Radeon Pro W6800X Duo MPX Module
Apple

As of today, Apple has begun to replace the top-end Vega 2 Pro MPX Module GPU options with the newer-generation RDNA2-based Radeon Pro RX W6000X series for Mac Pros, which now lets you configure a system with up to four GPUs. Existing customers will still be able to buy Radeon Pro Vega 2 and Radeon Pro Vega 2 Duo modules, and new configuration options still include the creaky Radeon Pro 580X and the last-gen W5000X Pro series.

The RX 6800 and 6900 architectures are optimized for working with high resolution assets and promise a solid speed boost for the Mac Pro in real-time rendering, interactive 3D responsiveness, video editing and more. Apple claims up to an 84% performance bump in Octane X, up to a 26% higher frame rate in 3D interaction in Cinema 4D and up to 23% speedier performance in DaVinci Resolve. Presumably, those are increases over the old Pro Vega 2 modules, and make sense given the generational speed increases we typically see in GPUs.

The modules are based around a similar (but not identical) GPU to the W6000 Pro series designed for PCs and have the same basic silicon — the same 80 or 60 compute units (with 64 stream cores each), 128GB Infinity cache per GPU, same 256-bit memory interface and so on.
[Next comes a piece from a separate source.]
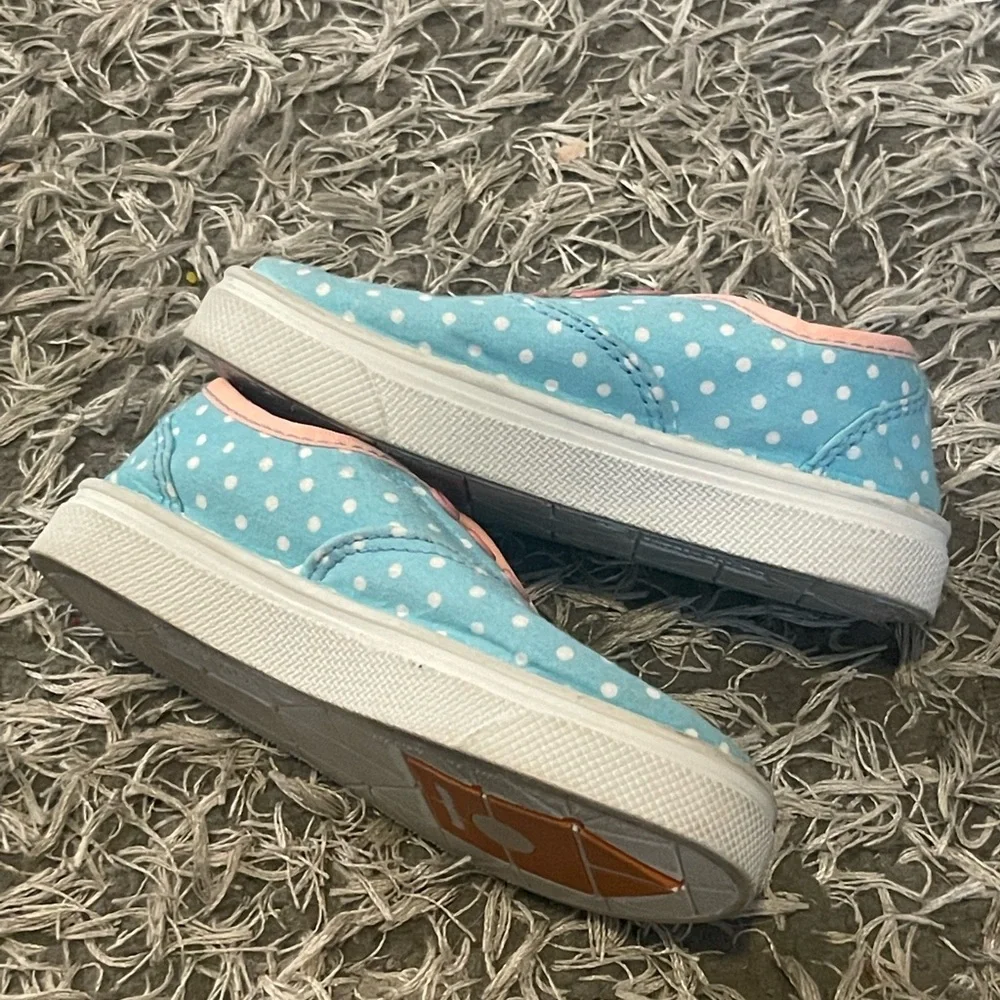 Oomphies Toddler Size 7 Slip on Sneakers Light Blue and white polka dot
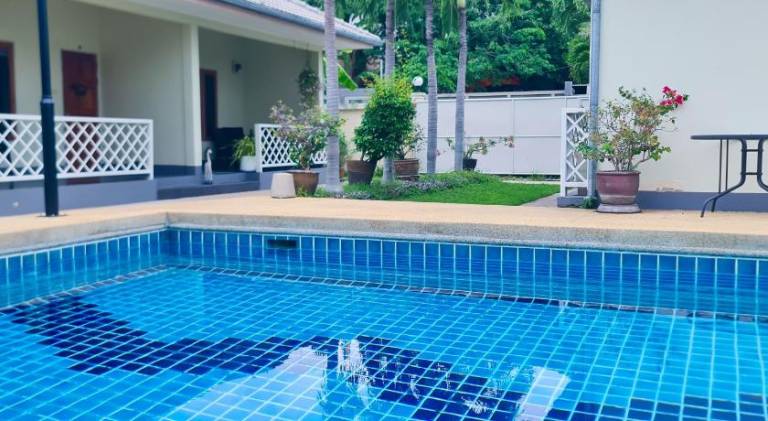 Holiday apartment with pool — photo 4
They also use the same veteran Infinity Fabric which bypasses the PCI bus for GPU-to-GPU communication, a big deal for the Duo, and have substantial on-chip cache, which is necessary for managing the bulkier data associated with pro creative workflows.

AMD Radeon PRO W6900X

AMD Radeon PRO W6800X

AMD Radeon PRO W6800X Duo

Compute Units

80

60

120 (total)

Stream Processors

5,120

3,840

7,680 (total)

Memory Interface

256-bit

256-bit

256-bit (per GPU)

FP32 TFLOPS

Up to 22

Up to 16.0

Up to 30.2

Infinity Cache

128MB

128MB

256MB (total)

Total Graphics Power

300W

300W

400W

GDDR6 Memory

32GB

32GB

64GB (total)

Price

$5,600 for single, $11,600 for duo

$2,400

$5,200 for Duo, $9,600 for dual Duos

They’ve got twice the memory of the consumer products, though, which makes a big performance difference. It also accounts for a chunk of the high price: GDDR6 is expensive and likely to get more so thanks to ongoing chip shortages. (Apple says its systems are “assembled in the US,” though that doesn’t insulate it from component shortages.) And the special sauce Apple mixes in. But they cost the same as the modules they replace, so no price shocks there.

The modules still include four Thunderbolt 3 ports and an HDMI 2 connection from the GPU. The latter is odd, since you’d have expected Apple to switch to HDMI 2.1, especially since other cards using the GPU already support it. (I’ve asked Apple for clarification on this.)